Olivia Wenzel’s 1000 COILS OF FEAR out in Denmark

We are happy about the warm welcome for Olivia Wenzel’s debut novel 1000 COILS OF FEAR (S. Fischer) in Denmark at Forlag Turbine. The novel was nominated for the German Book Award 2020 and the aspekte Prize for Best Literary Debut. Rights sold to UK (Little Brown) | US (Catapult) | Netherlands (Bezige Bij) | Denmark (Turbine) | Norway (Solum)

»German star debuts with radical contemporary novel. Perhaps it is not possible to write „a coherent novel about being human today.“ German Olivia Wenzel certainly jumps and leaps back and forth in time with „lots of repetition, self-reference, banality and wild flights of thought“ in this alternately infuriating and rebellious novel „about contemporary problems of racism, environmental destruction and psychological pressure.« Christian Johannes Idskov, Politiken

»Compelling debut novel explores the life of a young woman of colour in a country of white tradition. The novel’s dialogic form forms a powerful discussion of the structures that perpetuate racism and keep people in fixed roles.« – Britta Riis Langdahl, litteratursiden.dk

»This German novel is both contemporary and moving. Olivia Wenzel’s „1000 COILS OF FEAR“ is a gifted and in places moving portrayal of a family history in the GDR and a woman’s life in contemporary Berlin.« – Jeppe Krogsgaard Christensen, Kristelig Dagblad

about the novel:

A young woman attends a play about the fall of the Berlin Wall – and realizes she is the only Black person in the audience.

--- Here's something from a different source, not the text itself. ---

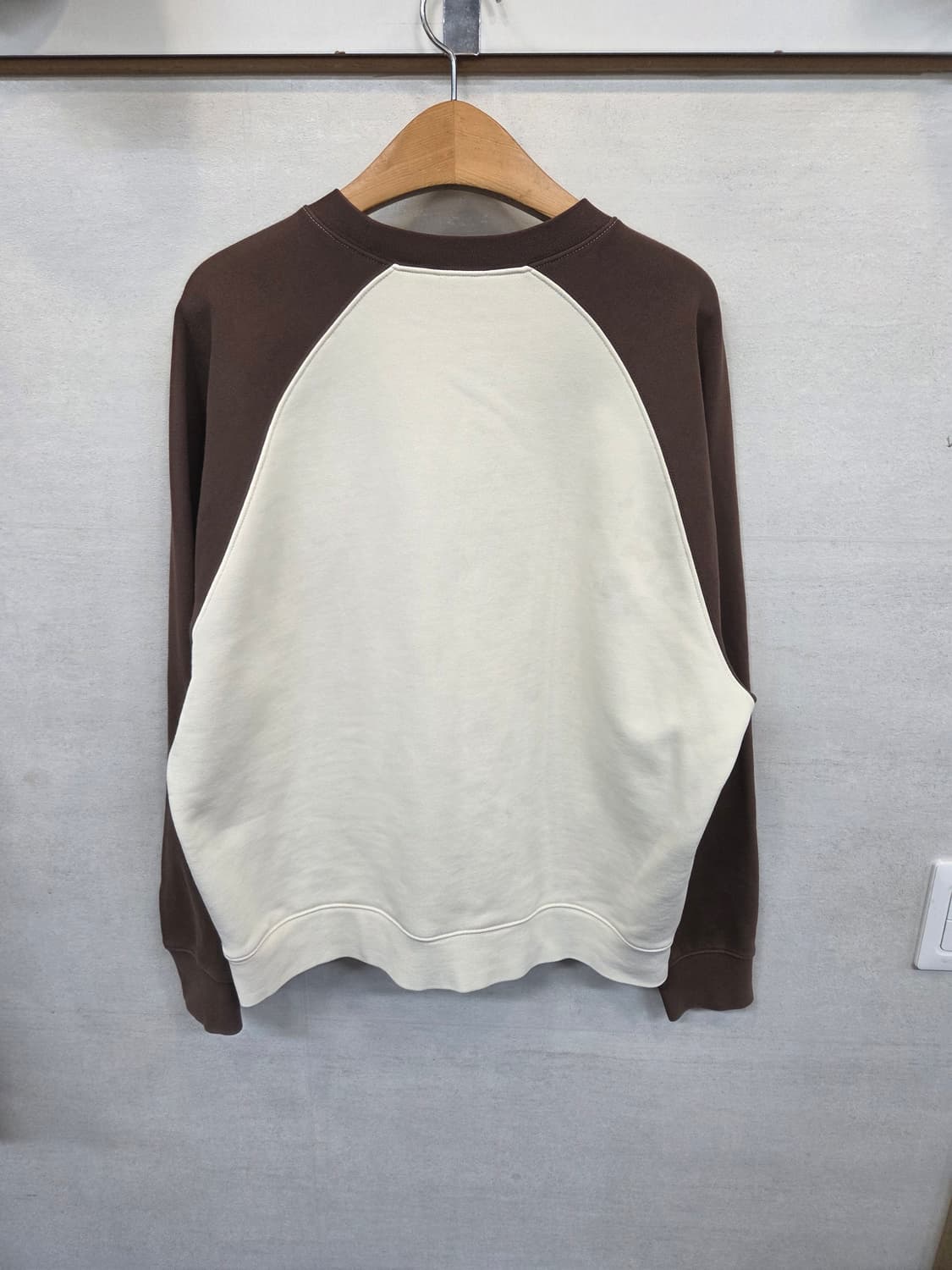 마리떼프랑소와저버 컬러블록 래글런 맨투맨 M 상품이미지2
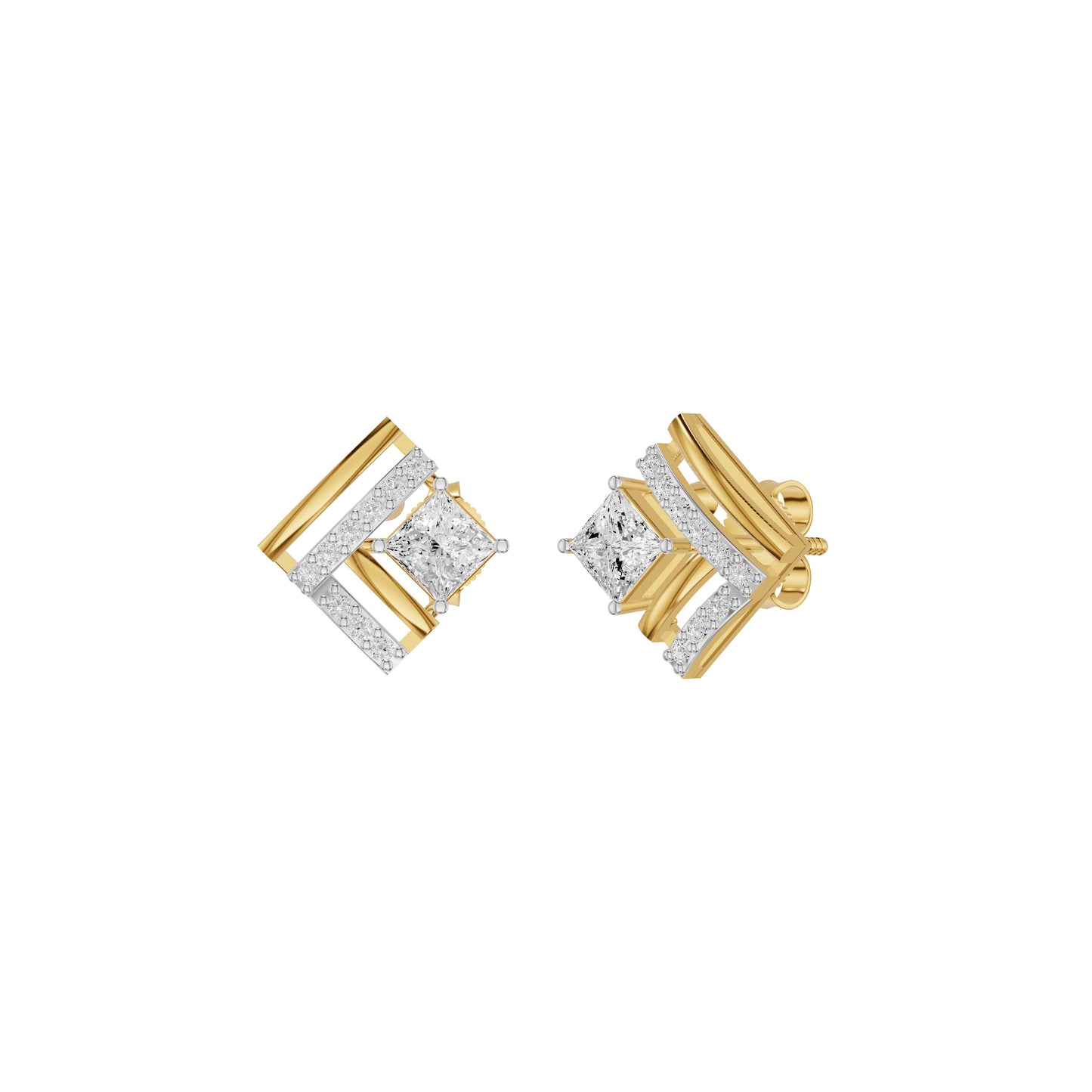 DER001551 18 KT / Yellow Gold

She and her boyfriend are hanging out by a lake outside Berlin – and four neo-Nazis show up.

In New York, she is having sex with a stranger on the night of the 2016 presidential election – and wakes up to panicked texts from her friends in Germany about Donald Trump’s unlikely victory.

Engaging in a witty Q&A with herself – or is it her alter ego? – she takes stock of our rapidly changing times, sometimes angry, sometimes amused, sometimes afraid, and always passionate. And she tells the story of her family: her mother, a punk in former East Germany who never had the freedom she dreamed of. Her Angolan father, who returned to his home country before she was born to start a second family. Her grandmother, whose life of obedience to party principles brought her prosperity and security but not happiness. And her twin brother, who took his own life at the age of nineteen.

Heart-rending, opinionated, and wry, Olivia Wenzel’s remarkable debut novel is a clear-sighted and polyphonic investigation into where we’re from and where we’re going, what it really means to be the odd one out, what it really means to belong and what price wanting to belong can exact.